The figures show that 33,000 households were affected by the bedroom tax. Undoubtedly hard news for those people affected – and many of those bearing the brunt will be children. More than half of the total number of households affected so far are single parent ones. Single parent households are, in the vast majority, headed by women. So this is a policy hitting women – part of an assault on the post-war welfare state that is sledge-hammering away at the social and economic status of women – and children in the poorest households.

However, 33,000 is a small number overall. And the significance is further underlined by the breakdown of the figures.

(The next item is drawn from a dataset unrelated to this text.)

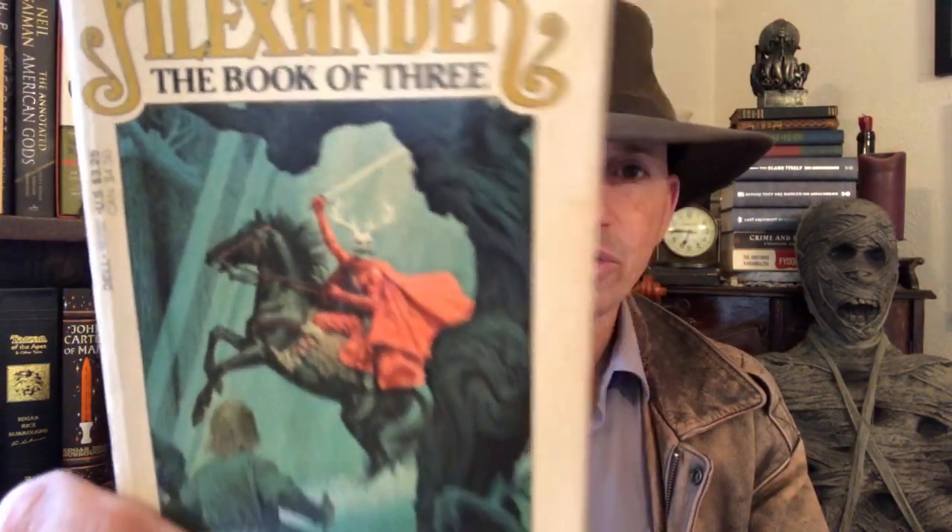This one is interesting — it's from Lloyd Alexander and I've never read this. This is The Book of Three, from the author of The Black Cauldron. It's got this really scary-looking dude with a sword on a horse. So yeah, The Book of Three — old school fantasy.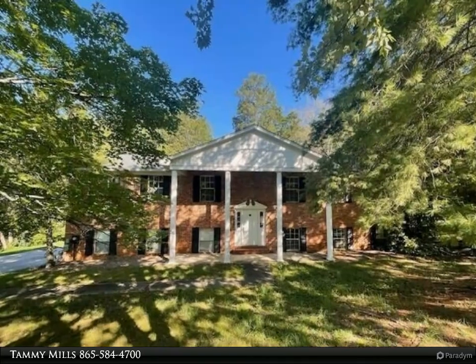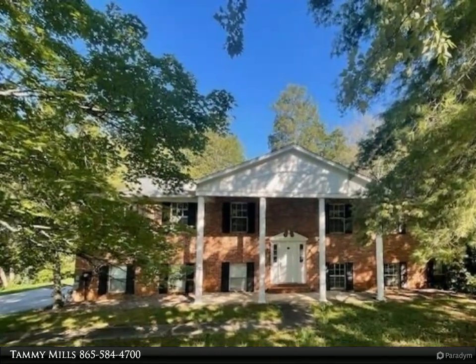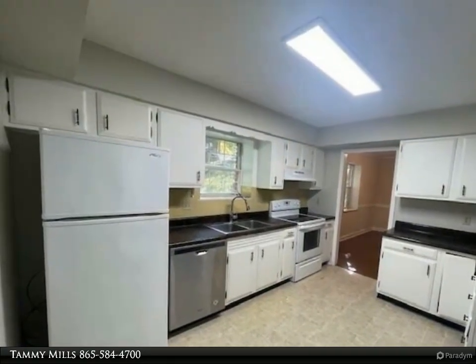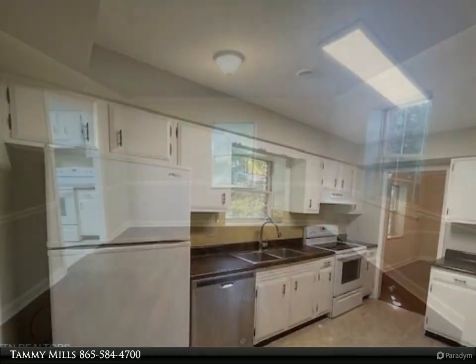This Wallace Real Estate property video is presented by Tammy Mills. Enjoy Farragut living in this large, expansive home. The fourth bedroom could be used as the family's rec room with full bath, or a second master suite.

Nearly 9 in 10 households had a benefit cut of £150 or less. Rounding up to 90 per cent, that gives less than £4,455,000 cut. However, the real sum would be less than this as it was 89 per cent who had a cut of £150 or less. There appear no figures as yet as to the spread of the cut – how many had a cut of £20 or £30 compared to how many a cut of £150, for instance.

A further 675 had a cut of £250 or more. That makes around £168,750. A final group of 147 households had a cut of £350 or more, amounting to £51,450, if one calculates on the basis of £350.

In total that makes £4.6 million. A puny sum compared to government total spending. But a policy with a sharp ideological purpose, driving forward the bogey of benefit scroungers and fostering suspicion in the welfare state.